Dr. D'Ambrosio received a research grant from Università degli Studi di Milano (FSE, Regione Lombardia).
- Issue published online: 25 JUL 2012
- Article first published online: 2 JUL 2012
- Accepted manuscript online: 23 JAN 2012 07:02AM EST
- Manuscript Accepted: 7 JAN 2012
- Manuscript Received: 14 OCT 2011
Although annular fibrosis is the hallmark of cirrhosis, other microscopic changes that affect liver function such as sinusoid capillarization or loss of metabolic zonation are common. A sustained virological response (SVR) may halt fibrosis deposition in hepatitis C virus (HCV)-infected patients, but its impact on the other cirrhosis-associated lesions is unknown. The aim of this study was to assess the impact of an SVR on cirrhosis-related histopathological features.
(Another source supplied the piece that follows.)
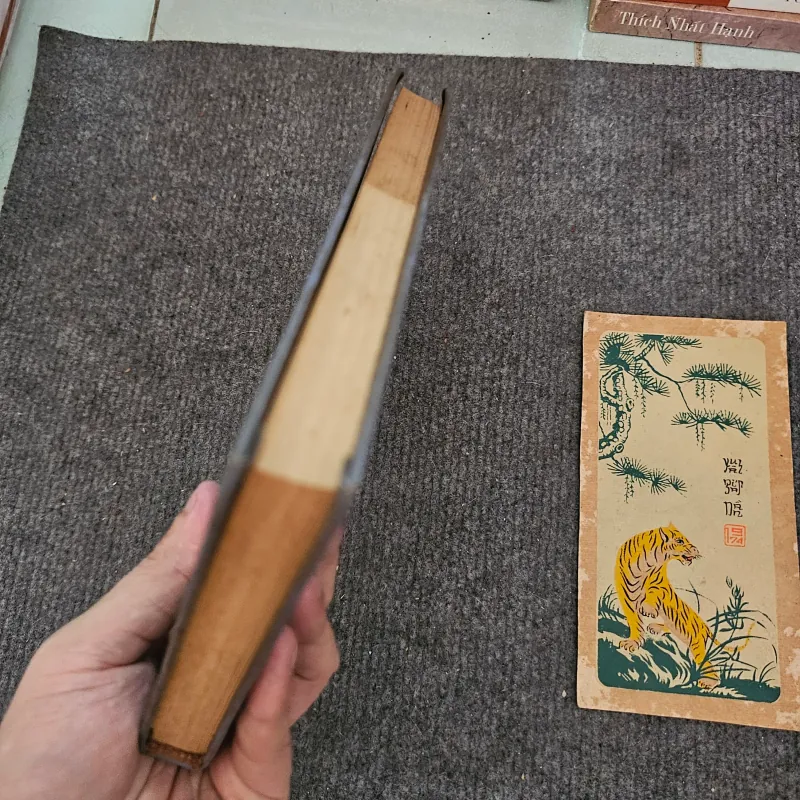 Truyện ngắn Chekhov  754011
Paired pre- and posttreatment liver biopsies from 38 HCV patients with cirrhosis with an SVR were analyzed. Fibrosis was staged using the METAVIR scoring system, and the area of fibrosis was measured using morphometry. Ductular proliferation, metabolic zonation, sinusoid capillarization, and hepatic stellate cell activation were assessed by anti-cytokeratin-7, anti-glutamine synthetase (GS), anti-cytochrome P4502E1 (CYP2E1), anti-CD34, and anti α-smooth muscle actin (αSMA). After 61 months from an SVR, cirrhosis regression was observed in 61%, and the collagen content decreased in 89%. Although periportal and lobular necroinflammation vanished, portal inflammation persisted in 66%. Ductular proliferation decreased in 92%. Before treatment, metabolic zonation was lost, as shown by GS and CYP2E1, in 71% and 88%, respectively, with normalization in 79% and 73%, after an SVR. Conversely, no changes in sinusoidal capillarization were observed after treatment, as assessed by CD34 (P = 0.41) and αSMA (P = 0.95). Finally, no differences in all the immunohistochemical scores emerged whether or not cirrhosis persisted. Conclusion: Cirrhosis regression and decreased fibrosis are frequently observed among HCV patients with cirrhosis with an SVR. Despite ductular proliferation vanishing and lobular zonation restoration, portal inflammation and sinusoidal capillarization may not regress after viral eradication. (HEPATOLOGY 2012)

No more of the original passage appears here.